Examples in Statistics
We can think of a lot of objects from basic statistics in terms of functionals. A reason to do this is to unify all these concepts of describing features of a population into one mathematical idea. For the following examples, consider a functional \(T\) that inputs a probability distribution (its CDF, call it \(P\)) and outputs a number.
The mean: \(T[P] = \int x dP(x)\)
The variance: \(T[P] = \int x^2 dP(x) - (\int x dP(x)) ^2\)
These are both in integral form (with respect to probability measure) to unite discrete and continuous probability distributions into one framework. In either case, it will be the expectation formula we expect from basic probability theory. Furthermore, if we input an empirical distribution function (i.e. a CDF with observed data), the expectation integral reduces to the sample mean. This is currently beyond the scope of what I was trying to do here, so I won’t write it in notation.
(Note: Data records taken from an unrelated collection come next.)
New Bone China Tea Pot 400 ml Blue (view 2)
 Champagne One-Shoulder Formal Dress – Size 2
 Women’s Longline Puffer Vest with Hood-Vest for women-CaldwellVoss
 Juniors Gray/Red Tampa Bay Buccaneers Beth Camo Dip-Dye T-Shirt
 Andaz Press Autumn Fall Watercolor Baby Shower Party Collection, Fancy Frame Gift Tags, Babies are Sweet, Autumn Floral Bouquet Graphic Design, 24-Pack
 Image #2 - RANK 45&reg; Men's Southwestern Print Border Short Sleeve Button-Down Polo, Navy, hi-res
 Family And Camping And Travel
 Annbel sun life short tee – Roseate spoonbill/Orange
The median (non-linear): \(T[P] = P^{-1}(0.5)\)
Nonparameteric statistics is connected to infinite dimensional spaces, because we say that the distribution is some unknown distribution in the set of all distributions, which is infinite dimensional. Just thought that was an importnat note to say.
Furthermore, being non-linear makes the existence of derivatives a bit more difficult. I don’t know how much detail to go into here, but it seems like the median and IQR are well-behaved enough. This can be an issue with influence functions on these features of a population.
What I will cover later
In a future blog post, I will cover Banach and Hilbert spaces, as well as some other definitions like bounded linear operators, pertubations, the riesz representation etc. Hopefully this will get us to a slightly more rigorous formulation of functional derivatives than what might be covered in calculus of variations, but is still in the realm of reality to not make me go completely insane.